Exercise: Give the data below again exactly as written, without its pictures.

Available records:
[Start of Attachment]
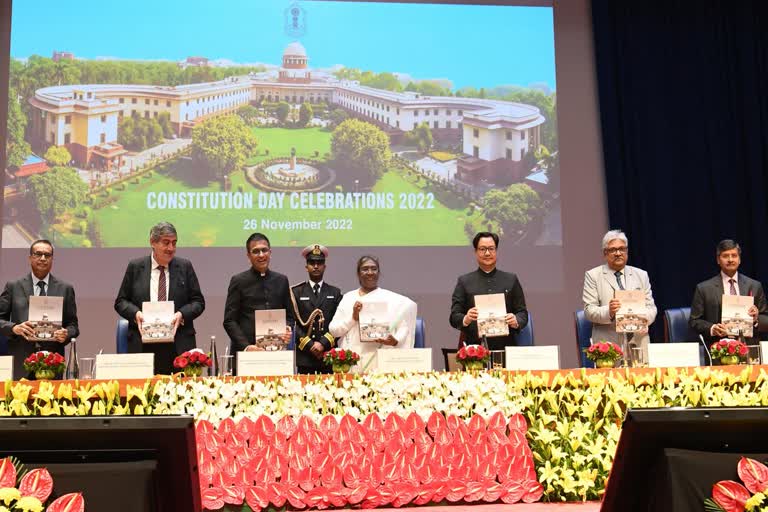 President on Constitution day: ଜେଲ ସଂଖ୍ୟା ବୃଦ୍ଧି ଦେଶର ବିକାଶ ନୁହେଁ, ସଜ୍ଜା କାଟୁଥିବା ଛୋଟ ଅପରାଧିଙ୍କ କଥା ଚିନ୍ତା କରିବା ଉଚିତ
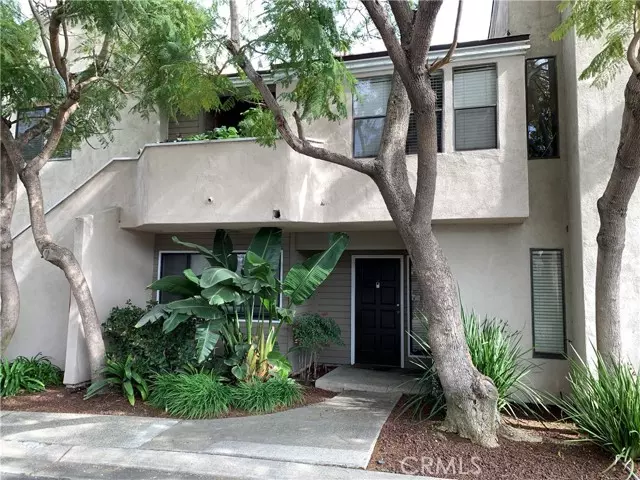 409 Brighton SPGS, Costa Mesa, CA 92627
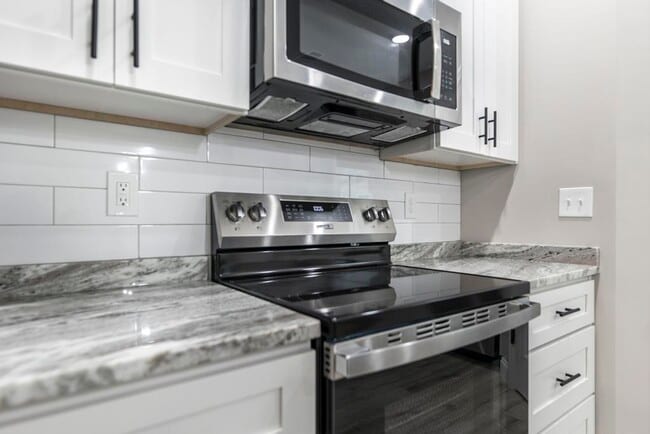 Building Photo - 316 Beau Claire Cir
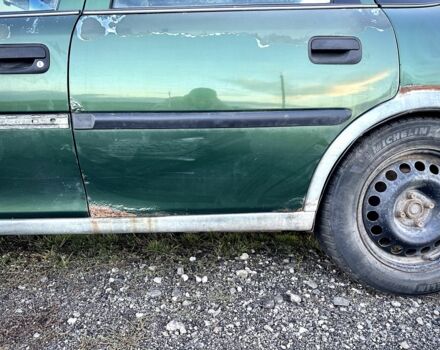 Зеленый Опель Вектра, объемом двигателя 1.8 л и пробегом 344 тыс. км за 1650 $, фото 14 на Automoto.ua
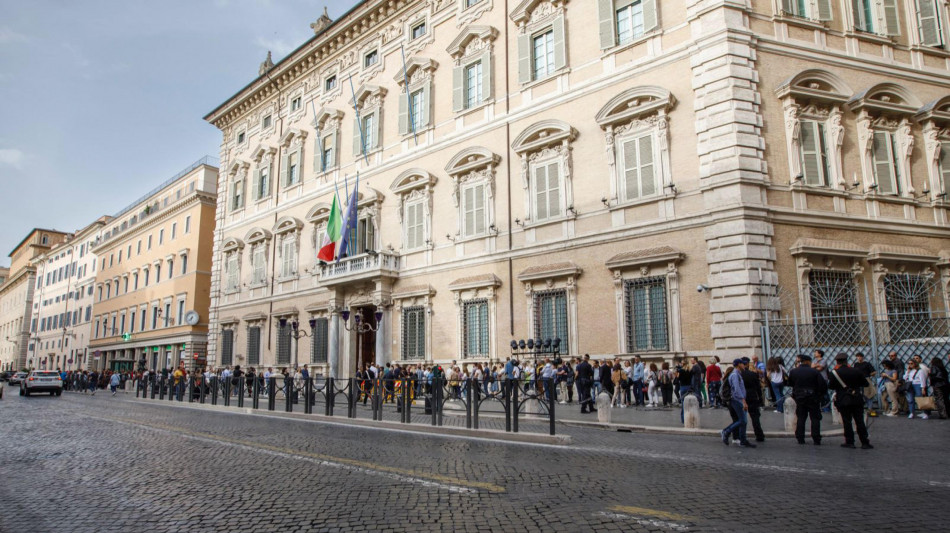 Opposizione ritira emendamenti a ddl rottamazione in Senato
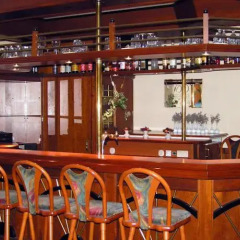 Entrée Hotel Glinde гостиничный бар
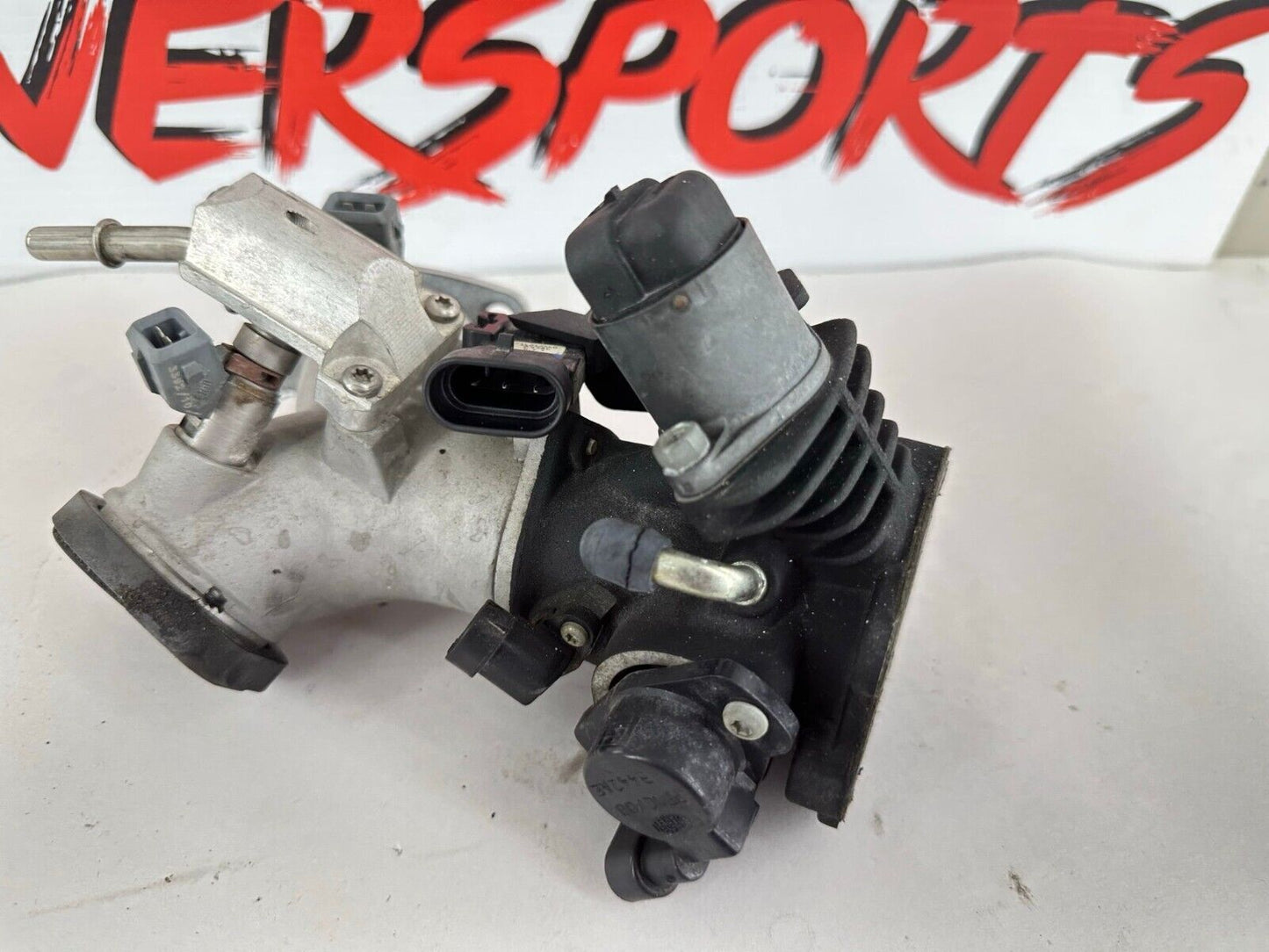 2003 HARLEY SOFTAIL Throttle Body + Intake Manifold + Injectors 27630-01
[End of Attachment]
Task response:
 President on Constitution day: ଜେଲ ସଂଖ୍ୟା ବୃଦ୍ଧି ଦେଶର ବିକାଶ ନୁହେଁ, ସଜ୍ଜା କାଟୁଥିବା ଛୋଟ ଅପରାଧିଙ୍କ କଥା ଚିନ୍ତା କରିବା ଉଚିତ
 409 Brighton SPGS, Costa Mesa, CA 92627
 Building Photo - 316 Beau Claire Cir
 Зеленый Опель Вектра, объемом двигателя 1.8 л и пробегом 344 тыс. км за 1650 $, фото 14 на Automoto.ua
 Opposizione ritira emendamenti a ddl rottamazione in Senato
 Entrée Hotel Glinde гостиничный бар
 2003 HARLEY SOFTAIL Throttle Body + Intake Manifold + Injectors 27630-01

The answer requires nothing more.